Depuis le 1er janvier 2024, les banques suisses membres de l’Association suisse des banques (ASB) doivent appliquer de nouvelles directives encadrant la finance durable. Celles-ci introduisent des règles contraignantes vis-à-vis du conseil en placement, de la gestion de fortune et du conseil hypothécaire. Il s’agit principalement d’intégrer dans la relation les préférences ESG (environnement, social et gouvernance) des clients tout en assurant une transparence des facteurs ESG des banques. Qu’est-ce que cela change de part et d’autre?

Tout d’abord, la banque doit désormais demander à tout nouveau client ses préférences ESG et ce dès la mise en relation. Les clients doivent donc exprimer leur intérêt pour la finance durable, l’échelle d’intérêt étant propre à chaque établissement («très intéressé», «intéressé» ou «neutre» par exemple). La banque doit ensuite s’assurer que les solutions de placement proposées correspondent. Concrètement, un client peut par exemple exprimer un intérêt pour l’environnement et se voir proposer des solutions de placement visant les énergies renouvelables ou l’efficacité énergétique. Toutefois, l’ASB stipule bien que ces préférences ESG sont secondaires par rapport aux objectifs de placement: en effet, les banques doivent continuer de prendre en compte les critères financiers du client tels que ses besoins de liquidités, son appétence au risque ou encore son horizon d’investissement.

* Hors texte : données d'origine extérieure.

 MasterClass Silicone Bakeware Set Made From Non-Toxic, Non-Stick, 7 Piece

Ces règles sont-elles différentes de celles de l’Union européenne?

L’Union européenne (UE) a émis un certain nombre de réglementations afin d’encadrer la finance durable (SFDR pour les produits et services et MIFID II pour les relations banques-clients). Bon nombre de banques vont donc devoir jongler entre les directives de l’ASB et les réglementations de l’UE déjà en vigueur. Or, bien que les approches suisses et européennes aient toutes deux pour objectif de bannir l’écoblanchiment, les directives de l’ASB traduisent l’esprit de consensus et de pragmatisme de la Suisse là où l’Union européenne a dès le départ émis des règles très strictes. A titre d’exemple, l’UE a introduit le concept d’investissement durable par le biais de MIFID II qui se caractérise à la fois par des critères ESG, par l’absence de controverses majeures et par l’alignement sur la taxonomie européenne qui classifie les activités économiques selon leur impact environnemental. De son côté, la directive de l’ASB reste plus vague en n’utilisant que le concept de critères ESG.

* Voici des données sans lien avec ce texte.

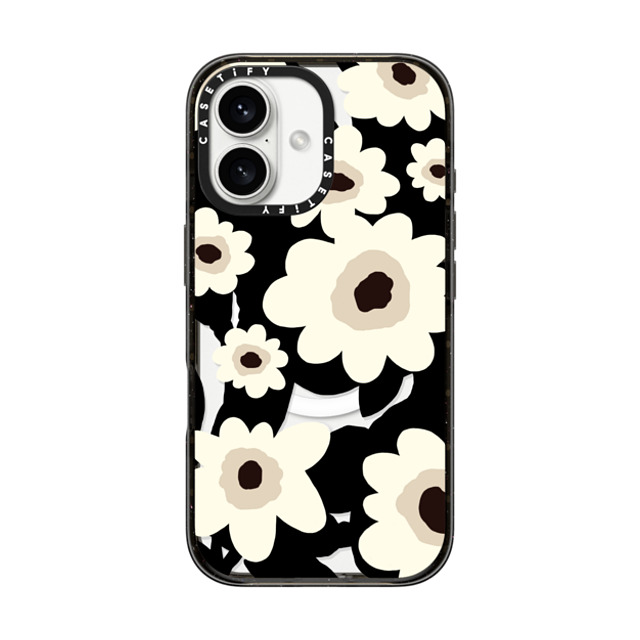 designlovefest x CASETiFY iPhone 16 ケース ブラック インパクトケース MagSafe対応 Flowers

Ainsi, la finance durable en Suisse est principalement encadrée par des directives de l’ASB et de l’Amas (Association des gérants d’actifs suisses) qui contraignent les membres de ces associations mais n’ont pas force de loi. Il est donc probable que le Conseil fédéral prenne le temps d’observer l’impact de ces directives avant de légiférer et de potentiellement intégrer des notions provenant de l’UE tels que les concepts d’investissement durable ou de taxonomie, pour assurer une certaine convergence.

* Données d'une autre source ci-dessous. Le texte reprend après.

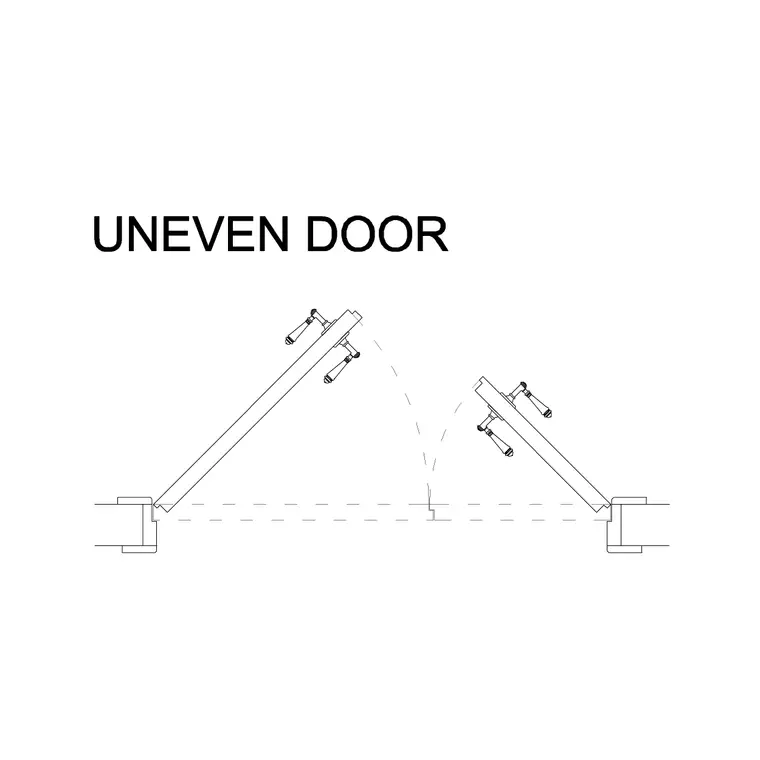 Double Uneven Swing Door DWG CAD block thumbnail — doors drawing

Un big bang à deux vitesses?

Ces nouvelles directives ESG risquent néanmoins de créer un système à deux vitesses. En effet, certaines banques avec des succursales ou des clients basés dans l’UE devront respecter à la fois les directives suisses et la réglementation européenne, quand d’autres, sans lien avec l’UE, n’auront à s’aligner que sur les règles suisses.

De plus, la mise en place de ces nouvelles règles nécessitera des efforts non négligeables de la part des acteurs concernés. Tout d’abord, les banques devront se donner les moyens d’assurer les développements informatiques nécessaires afin notamment de faire correspondre leur offre en finance durable avec les préférences ESG de leurs clients. Les collaborateurs devront aussi être formés pour comprendre les nouvelles réglementations ESG et les enjeux de la finance durable. Là encore, l’écart risque de se creuser entre petites et grandes banques. Durant cette période d’adaptation et d’apprentissage, on peut par ailleurs s’attendre à ce que les banques adoptent des approches ESG plus ou moins restrictives, selon leur implantation, leurs moyens et leurs valeurs.

Enfin, quoi qu’il en soit, l’instauration de ces directives ESG reste une bonne nouvelle puisqu’elle place la finance durable au cœur de la relation banque-client dès le départ. Rendez-vous dans deux ou trois ans pour un premier bilan!